Dwork and security researcher Matthew Green discuss how differential privacy and randomized responses are being used today, from analyzing texting trends to the smart grid.
Cynthia Dwork is the co-creator of Differential Privacy, and a distinguished scientist at Microsoft in Mountain View, California.
Matthew D. Green is an assistant professor in the Information Security Institute at Johns Hopkins University in Baltimore, Maryland.
IRA FLATOW: This is Science Friday. I’m Ira Flatow. When you type stuff into your web browser, your computer or your smartphone starts suggesting things, right? As soon as you start typing in the box, it’s predicting what it thinks you want. Same thing when you text, your phone auto completes your thoughts or maybe suggest the perfect emoji. You share your data, I share mine, and everyone gets to share in that benefit of a smarter data trained machine, right? Very time saving, right?
Well, it might come with a little bit of a deal with the devil, how we get all that convenience. It’s sort of a technological deal with the devil. But can you get those crowdsource benefits and preserve your privacy? There is the devil in the details.
Google’s Chrome browser use something called differential privacy to achieve that goal. And a few weeks ago, at Apple’s Worldwide Developers conference, Craig Federighi hinted that Apple’s getting into the same game.

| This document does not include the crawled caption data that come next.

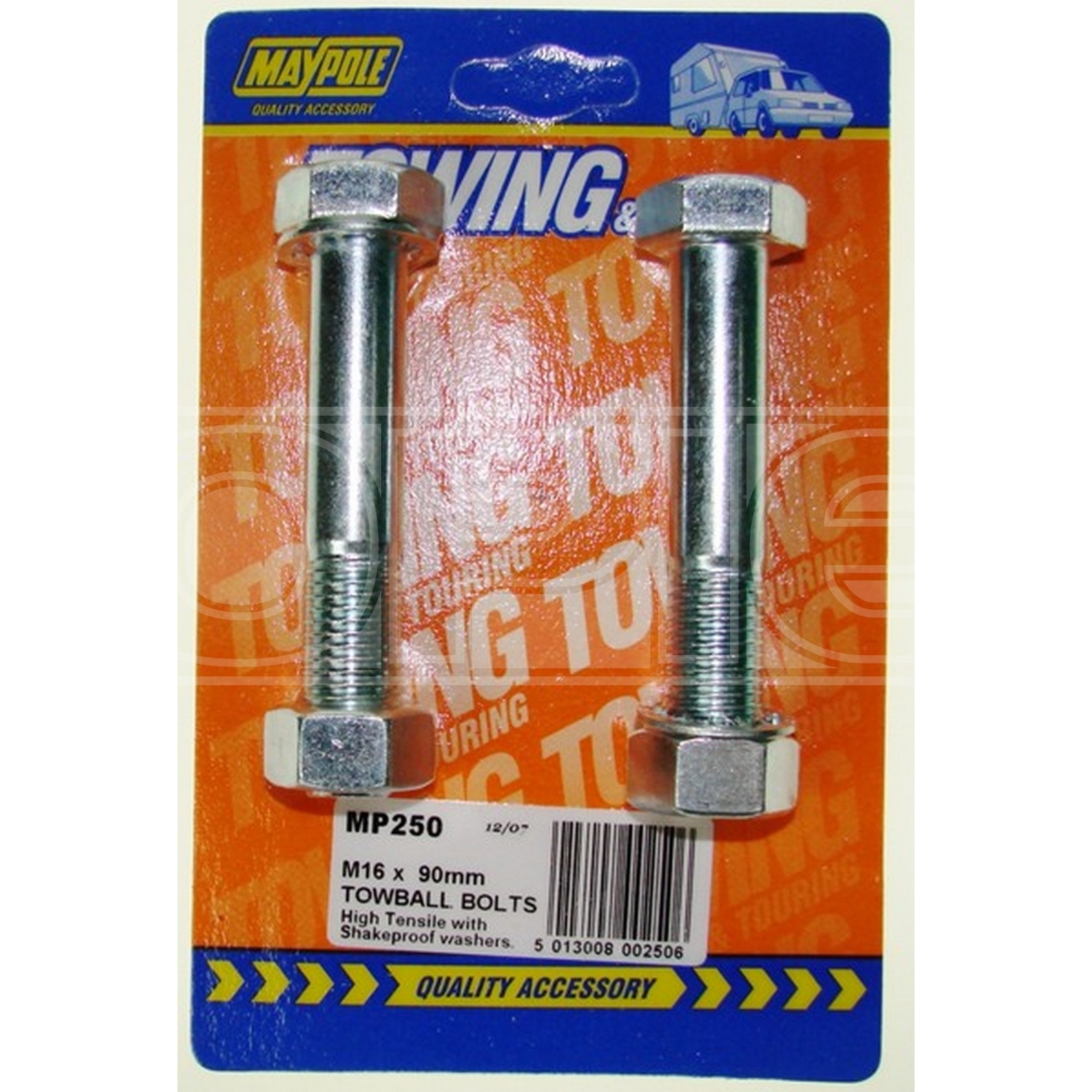 Nuts & Bolts M16 x 90mm - High Tensile With Shakeproof Washers - Maypole 250
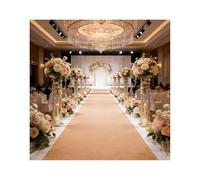 ZNQNDSR Tapis De Cérémonie Tapis De Passage D'allée Premium pour Sol Scène Escaliers Anniversaire Mariage Thème Bal Décoration(Camel,4.9x32.8ft)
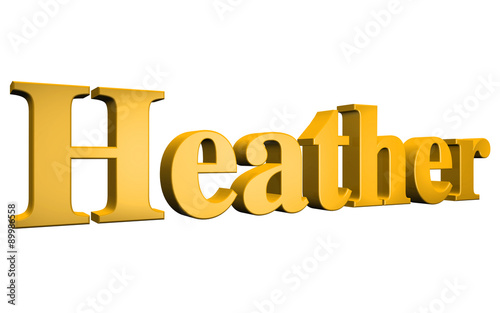 3D Heather text on white background
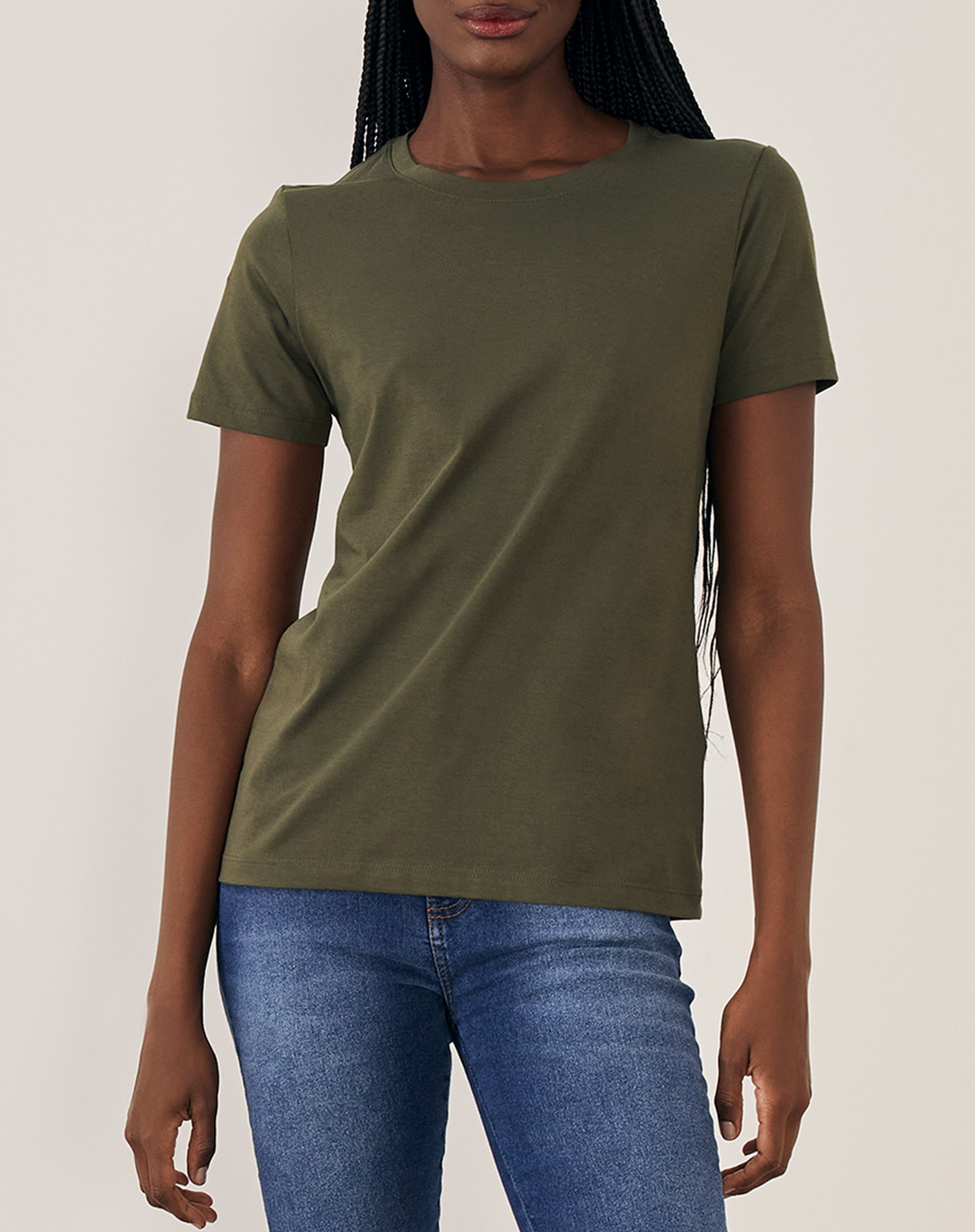 T-shirt Slim de Algodão Pima Gola Redonda Lisa - Verde Militar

CRAIG FEDERIGHI: Differential privacy is a research topic in the area of statistics and data analytics that uses hashing, subsampling, and noise injection to enable this kind of crowdsourced learning, while keeping the information of each individual user completely private.
IRA FLATOW: Hashing, subsampling, noise injection, lots of technobabble. But we have a few folks who might help to straighten that out and tell us what’s really going on. Cynthia Dwork is the co-creator of differential privacy and a distinguished scientist at Microsoft. She’s based in Mountain View, California. Welcome to Science Friday.
CYNTHIA DWORK: Thank you, Ira. It’s a pleasure to be here.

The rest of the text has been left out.